Vendredi, 15h45, veille de Chabbath. Dani est sur le chemin du retour, en permission de l’armée pour le Chabbath. Cette semaine, le Chabbath commence à 16h25, et Dani vit à Béer Chéva. Debout à la station d’autostop près de Natanya en attendant une voiture qui pourrait le rapprocher de chez lui, le Chabbath est la dernière préoccupation de Dani. Elevé dans une famille israélienne non religieuse, Dani ne croit pas vraiment en D.ieu, mais il ne s’est jamais penché sérieusement sur le sujet.

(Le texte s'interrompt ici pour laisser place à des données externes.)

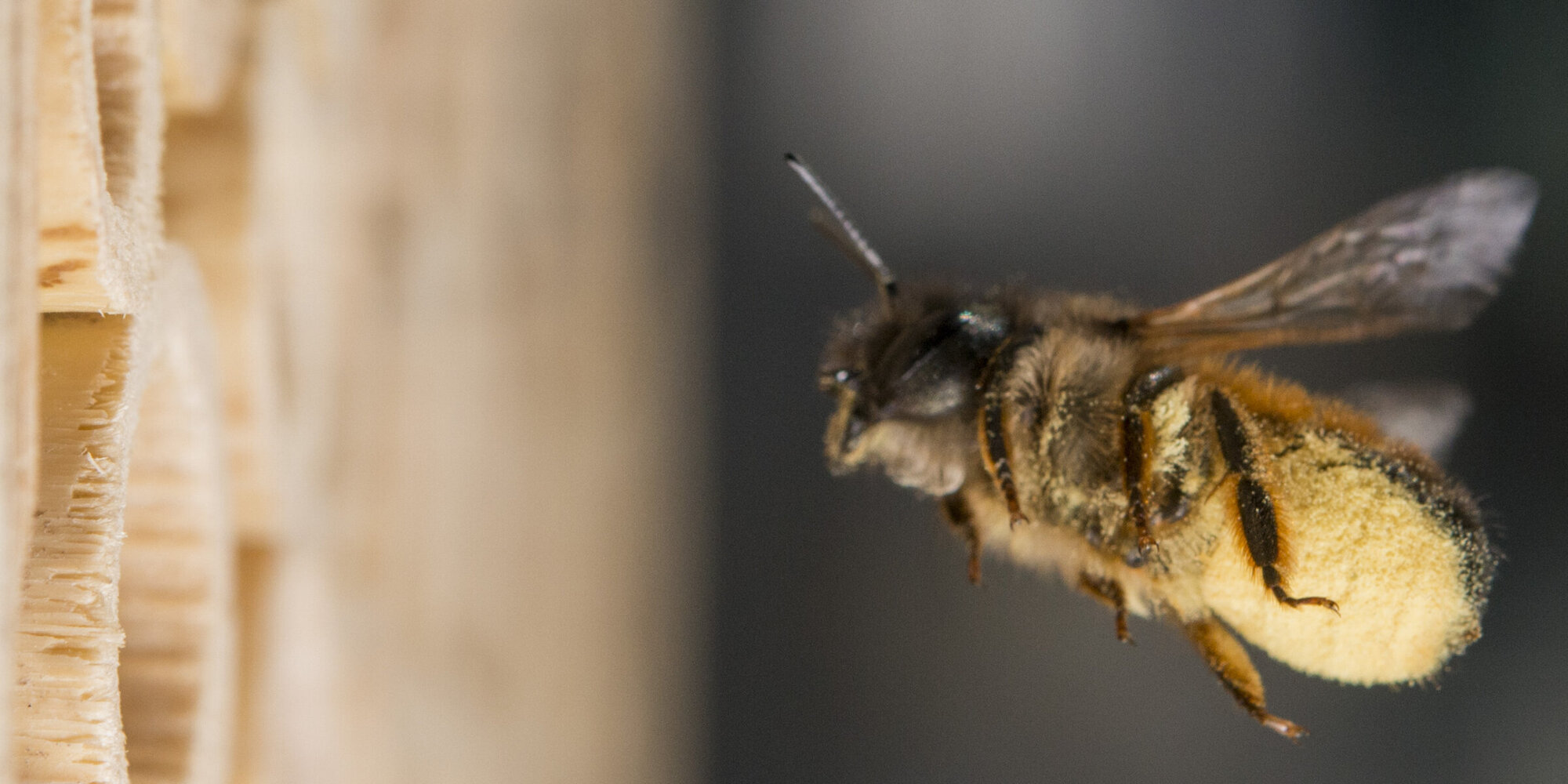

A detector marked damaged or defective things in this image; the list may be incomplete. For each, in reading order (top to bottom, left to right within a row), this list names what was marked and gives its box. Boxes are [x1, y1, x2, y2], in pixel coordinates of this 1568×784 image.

splintered wood fiber [18, 312, 141, 784]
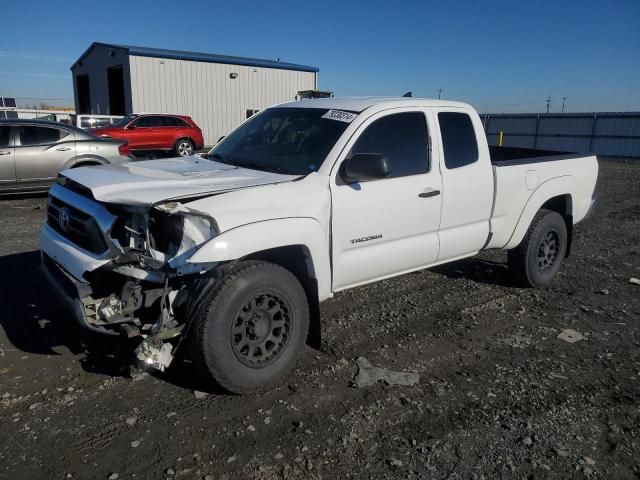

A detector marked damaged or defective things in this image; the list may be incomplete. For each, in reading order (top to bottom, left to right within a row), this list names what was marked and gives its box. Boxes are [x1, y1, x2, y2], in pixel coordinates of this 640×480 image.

crumpled hood [62, 156, 298, 204]
front-end collision damage [78, 199, 221, 372]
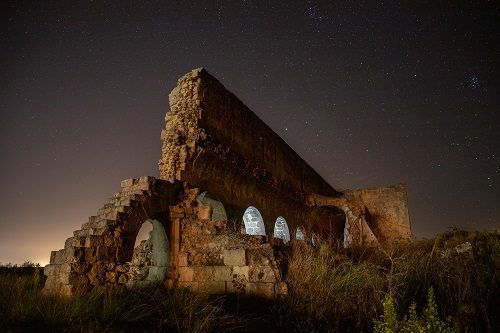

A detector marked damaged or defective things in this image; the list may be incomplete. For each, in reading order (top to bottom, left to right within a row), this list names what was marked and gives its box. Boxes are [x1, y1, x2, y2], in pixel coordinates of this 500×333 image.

broken stonework [43, 68, 412, 296]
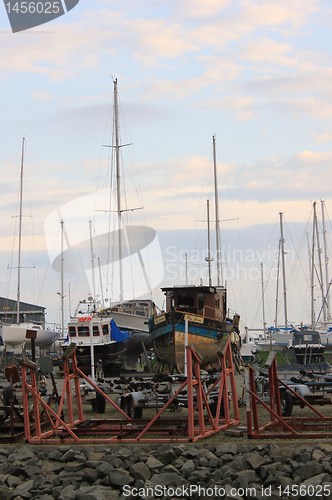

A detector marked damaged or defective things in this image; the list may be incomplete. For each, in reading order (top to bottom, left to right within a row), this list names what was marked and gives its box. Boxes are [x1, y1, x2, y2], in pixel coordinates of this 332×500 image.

rusty steel frame [21, 338, 239, 444]
rusty steel frame [246, 350, 332, 440]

Une voiture s’arrête sur le bas-côté. Le conducteur, Moché, ouvre la fenêtre et dit à Dani :
- Je vais à Natanya, je peux t’y conduire avec plaisir. Peut-être que ça peut te rapprocher. Où vas-tu ?
- Je rentre chez moi, répond Dani. J’habite à Béer Chéva.
Moché est choqué :
- Béer Chéva ?! Mais c’est à 2 heures de route d’ici ! Comment penses-tu y arriver avant Chabbath ?
Dani répond :
- En fait, pour vous dire la vérité, je ne suis pas religieux, donc peu importe si j’arrive après le début du Chabbath.
En entendant cela, Moché ne réfléchit pas et lui lance :
- Viens chez moi passer Chabbath avec ma famille. Nous avons beaucoup de place et de la super nourriture !
Pris au dépourvu, Dani décline poliment l’invitation et commence à s’éloigner. Mais Moché n’abandonne pas :
- Essaie juste une fois. Peut-être que tu passeras un bon moment, ou au moins, tu vivras une expérience intéressante. Tente le coup !
A ce moment, Dani se rappelle vaguement avoir passé, il y a bien longtemps, un Chabbath avec une famille religieuse à Béer Chéva, chez des amis de ses parents. L’idée d’être enfermé tout un week-end, dans un environnement restrictif, ne l’attire pas. De plus, Moché porte un costume et un chapeau noirs, et cela l’effraie. Dans sa vision des choses, il représente un élément fanatique du peuple juif. Mais d’un autre côté, il se dit que Moché a raison. Peut-être qu’il apprécierait un changement temporaire dans sa routine et qu’il pourrait vivre une "expérience intéressante".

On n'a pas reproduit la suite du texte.